Yes, in 1830, then recently married to Isaac Sparke Prowse, Marian published a volume, titled simply Poems, just like the first volume published by Keats, under the name Mrs. I. S. Prowse. You can read the book here. According to Rollins, the “effusions” are “up to the low standard of the 1830’s,” which, although it is a sick burn on both Marian and the 1830s, is also not that nice. And more importantly it’s also rooted in masculinist and misogynistc assumptions about canonicity. So nuts to that! We suggest you read Graham-Campbell’s much more detailed and fair assessment of the work, and of the question of what sort of relationship existed between Keats and Marian Jeffrey. The sense we gather from this letter and the two later ones to Marian is that Keats had a great fondness for the sisters, and that he also respected and valued Marian’s intellect and friendship. And while he seems not to have developed any serious romantic feelings, Keats certainly displays a bit of coy flirtation in this letter.

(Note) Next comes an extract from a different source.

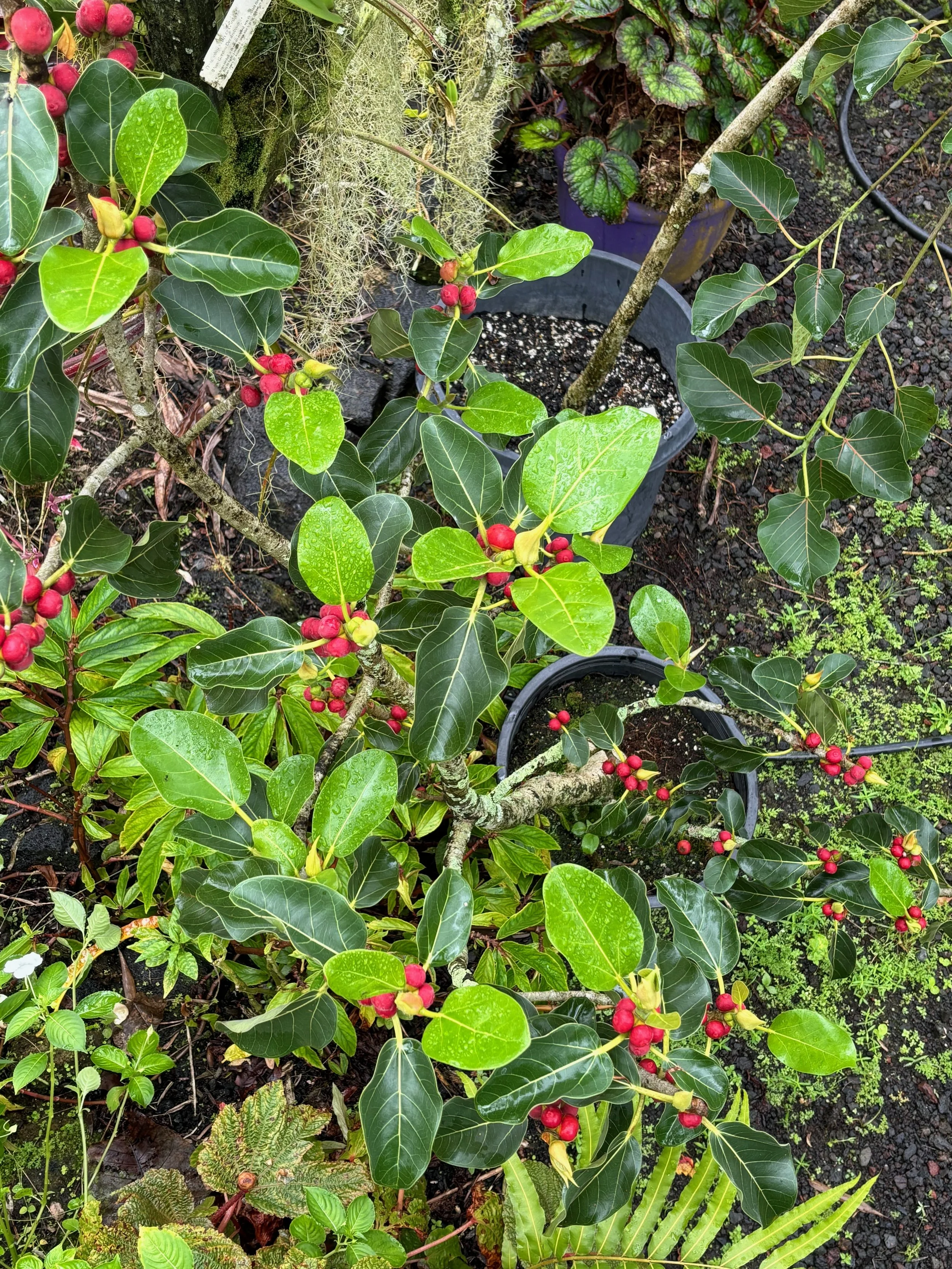 Ficus benghalensis.jpeg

We’ll conclude with one of the poems from Marian Jeffrey’s 1830 volume. In the spirit of her affection for and appreciation of Keats, we’re going with “To Autumn.”

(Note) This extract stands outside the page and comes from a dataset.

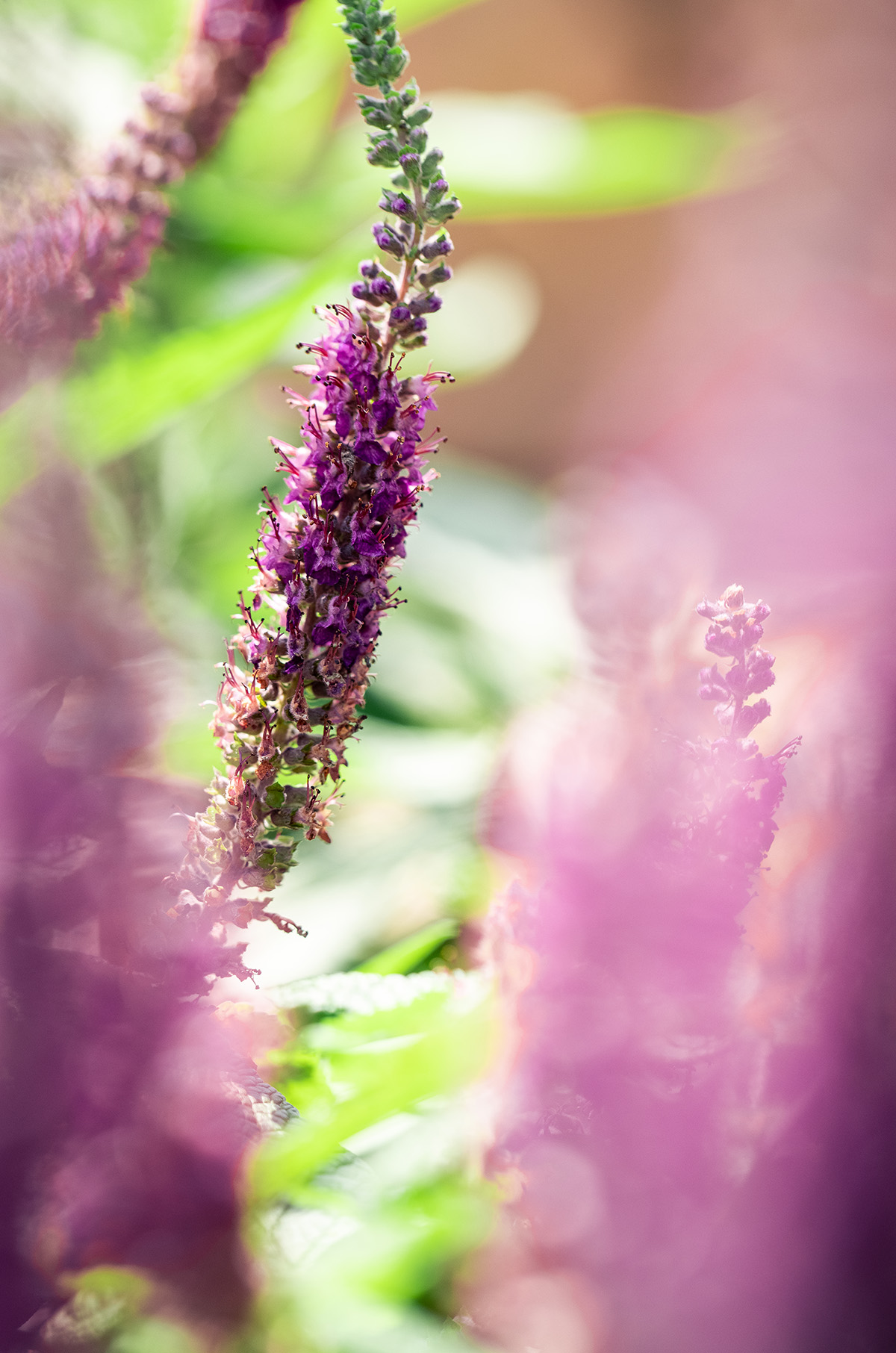 浪漫夏日梦幻花季辰山植物园蓝紫色系花花上线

“To Autumn,” from Poems by Mrs. I. S. Prowse (Marian Prowse, née Jeffrey)

“To Autumn,” from Poems by Mrs. I. S. Prowse (Marian Prowse, née Jeffrey)

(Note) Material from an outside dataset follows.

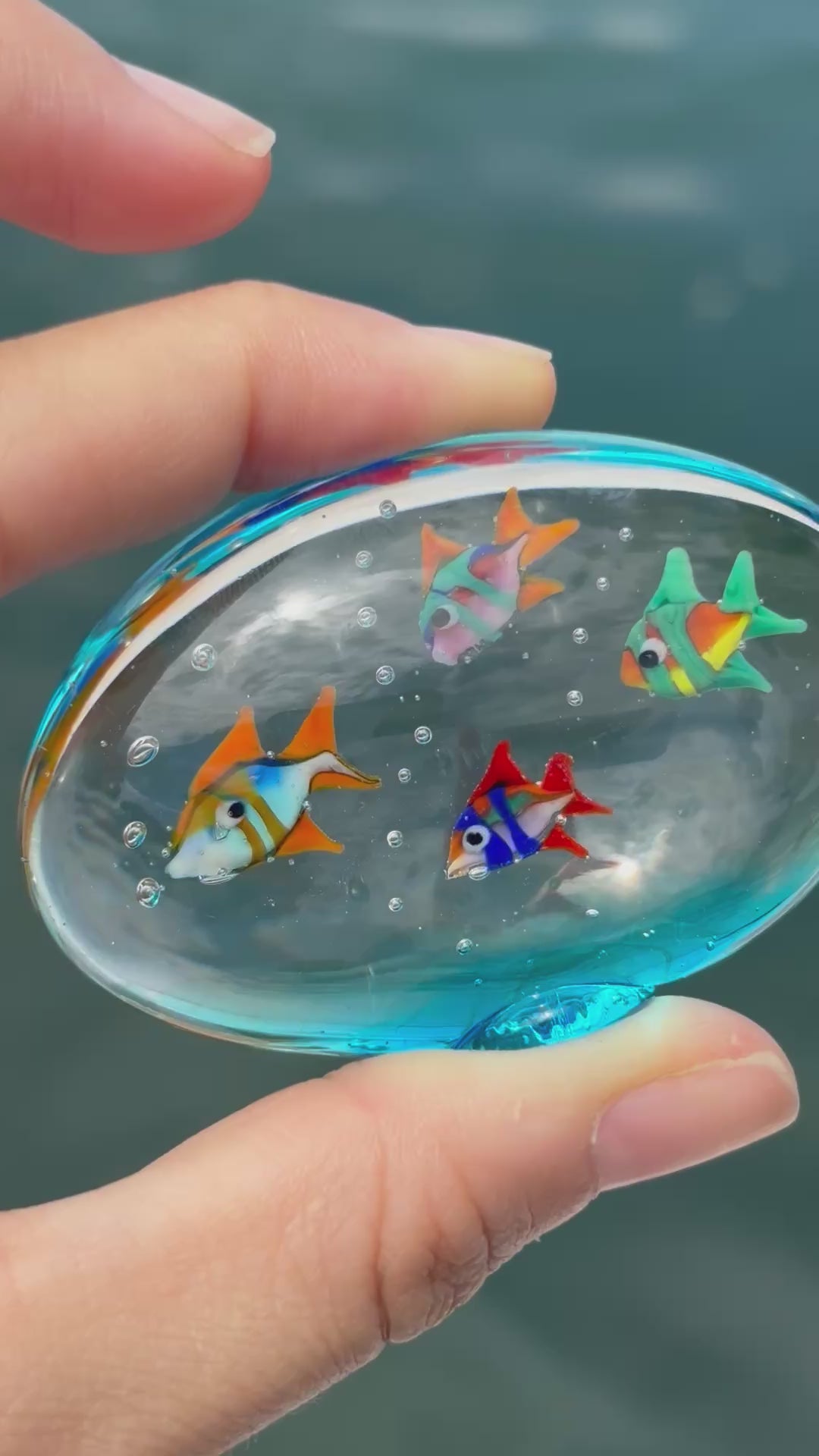 Acquario con pesci colorati in autentico vetro di Murano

For the text of Keats’s letter we direct you to Forman’s 1895 edition. Or go ahead and practice reading Keats’s hand via the images below (courtesy of Harvard).

Page 1 of Keats’s 4 June 1818 letter to Marian and Sarah Jeffrey. Keats Collection, 1814-1891 (MS Keats 1.29). Houghton Library, Harvard University.

Page 2 of Keats’s 4 June 1818 letter to Marian and Sarah Jeffrey. Keats Collection, 1814-1891 (MS Keats 1.29). Houghton Library, Harvard University.

Page 3 of Keats’s 4 June 1818 letter to Marian and Sarah Jeffrey. Keats Collection, 1814-1891 (MS Keats 1.29). Houghton Library, Harvard University.

Page 4 of Keats’s 4 June 1818 letter to Marian and Sarah Jeffrey. Keats Collection, 1814-1891 (MS Keats 1.29). Houghton Library, Harvard University.

P. S. Keats has a funny post-script in his letter about other possibilities that P. S. might stand for. One sample: “Upon a Garter Pretty Secret.” See, Keats being playful, saucy, flirtatious, what have you.

P. P. S. How did this letter get delivered? You’ll notice that there are no postage marks, and no address. One possibility: in his letter two weeks prior Tom mentioned a “Mrs. Atkins” who had come to London bearing a letter from Mrs. Jeffrey. He claimed that he was thinking about sending his letter back with her, but instead he posted it. So perhaps she stuck around in London until after June 4 and then took John’s letter back to the Jeffreys? One other connection: Keats mentions “Atkins the Coachman” in his 14 March letter to Reynolds. Perhaps Mrs. Atkins was his wife?